= Guillelma de Rosers =

Guillelma de Rosers (fl. 1235-1265), also spelled Guilleuma, Guillielma, Guilielma, or Guilhelma, was a Provençal trobairitz of the mid-thirteenth century, one of the last known trobairitz. She was originally from Rougiers but lived in Genoa for a long time, where she met Lanfranc Cigala, who wrote about her in some songs. These and Lanfranc's vida form the major source of information about her life. She is also the addressee—la flor de cortezia, the flower of courtliness—of an anonymous canso, "Quan Proensa ac perduda proeza" (when Provence had lost prowess), which bemoans her long stay in Genoa.

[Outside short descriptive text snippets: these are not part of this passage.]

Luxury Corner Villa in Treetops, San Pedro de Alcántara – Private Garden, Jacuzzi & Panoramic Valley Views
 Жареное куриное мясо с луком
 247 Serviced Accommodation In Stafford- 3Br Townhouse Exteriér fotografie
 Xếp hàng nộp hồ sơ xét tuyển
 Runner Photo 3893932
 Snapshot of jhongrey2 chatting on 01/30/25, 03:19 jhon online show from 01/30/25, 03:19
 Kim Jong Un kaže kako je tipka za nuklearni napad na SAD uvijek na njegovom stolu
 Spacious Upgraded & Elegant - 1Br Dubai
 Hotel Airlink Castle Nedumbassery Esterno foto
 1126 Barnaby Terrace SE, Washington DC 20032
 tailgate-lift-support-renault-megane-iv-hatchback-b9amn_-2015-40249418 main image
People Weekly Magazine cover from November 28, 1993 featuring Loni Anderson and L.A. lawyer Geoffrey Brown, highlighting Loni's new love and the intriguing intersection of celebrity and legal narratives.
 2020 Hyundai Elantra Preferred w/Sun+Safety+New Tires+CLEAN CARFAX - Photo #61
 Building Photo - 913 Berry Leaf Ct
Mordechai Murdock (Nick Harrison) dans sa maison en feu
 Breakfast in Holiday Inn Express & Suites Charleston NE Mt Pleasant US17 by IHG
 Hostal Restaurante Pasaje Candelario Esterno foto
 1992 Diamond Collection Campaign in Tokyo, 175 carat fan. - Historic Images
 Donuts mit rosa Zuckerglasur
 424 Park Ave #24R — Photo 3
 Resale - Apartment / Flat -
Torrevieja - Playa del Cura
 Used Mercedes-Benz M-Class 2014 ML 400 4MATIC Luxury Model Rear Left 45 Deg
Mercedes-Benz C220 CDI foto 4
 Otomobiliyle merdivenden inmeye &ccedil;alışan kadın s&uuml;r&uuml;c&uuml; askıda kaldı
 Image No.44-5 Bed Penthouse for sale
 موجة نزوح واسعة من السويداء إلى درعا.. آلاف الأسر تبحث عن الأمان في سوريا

Guillelma's only surviving piece of poetry is a partimen, "Na Guillelma, maint cavalier arratge", with Lanfranc, in which he posed her the dilemma:

Dame Guilllelma, a band of weary knights

abroad in the dark, in most dismal weather,

wished aloud in their own tongues that they might

find shelter. Two lovers happened to over-

hear while on their way to their ladies who

lived close at hand; one of them turned back to

help the knights, the other went to his lady:

which of the two behaved most fittingly?

Guillelma answered that l'autre fes ben ("the other did well") for "the man who keeps his word is held in much / higher esteem than he whose plans are in flux."